How does related content work across the DCMS?
Many entry types in the DCMS let you link related content together — most commonly, linking content like Events, Offers, Experiences, and others to a relevant Business Profile. This helps visitors discover more of your destination as they browse, and strengthens the connections search engines and AI tools can see between your content. It's an easy thing to overlook, but used well it can make a real difference to how visitors move through your site.
Where to find it
Related content is normally managed in a Relations tab within the entry you're editing. The exact entry types that support this, and what you can link to, vary from client to client depending on site design and the features available, but content you should typically expect to be able to link back to a Business Profile includes:
- Events
- Offers
- Experiences (where available on your site)
- Jobs (where available on your site)
Depending on your site's setup, this can also extend to other entry types such as Competitions, Blogs, or Case Studies.
Where the link appears
When content is linked to a Business Profile, it appears automatically in the Related Content section on the front end of that Business Profile's page. So if a café has three upcoming events linked to it, those events will surface together on the café's own page for visitors to see.
Understanding the direction of the link
This is the part that trips people up most often: relationships in the DCMS are usually set up in one direction, not both. As a general rule of thumb, the link is created from the related content itself — for example, when you create an Event, you link it to the relevant Business Profile from within the Event entry, not the other way around.
Business Profile to Business Profile linking tends to work differently again — this is normally a direct, two-way style link you set up from within the Business Profile itself, connecting it to other relevant businesses.
Because this varies by entry type, the best approach is to check the Relations tab on the entry you're working on and see what's actually available, rather than assuming the same pattern applies everywhere.
Why this matters for destination marketing
Linking content well gives visitors a richer, more connected experience.
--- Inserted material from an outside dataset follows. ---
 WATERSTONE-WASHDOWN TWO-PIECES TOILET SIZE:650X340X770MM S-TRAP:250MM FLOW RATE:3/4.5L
Someone looking at a Business Profile for a local café might also want to know about an upcoming event being hosted there, or a current offer available — content that's surfaced automatically through the Related Content section, without you needing to manually rebuild those journeys on every page.
It also strengthens your SEO. Well-connected content helps search engines understand the relationships between different parts of your site, and can improve how content is grouped and surfaced in search results.
A few practical tips
- Think about the visitor's journey, not just the content itself. When deciding what to link, ask what would genuinely help someone reading this page next
- Don't link everything to everything. A handful of genuinely relevant links is far more useful to a visitor than a long list of loosely related content
- Revisit old content periodically. As you add new events, offers, or Business Profiles, it's worth going back to relevant existing content and adding fresh links where they make sense
💡 Top tip: When you're creating a new entry, take a moment to think about whether it should be linked to a relevant Business Profile — and remember that this link is usually created from the entry itself, not from the Business Profile.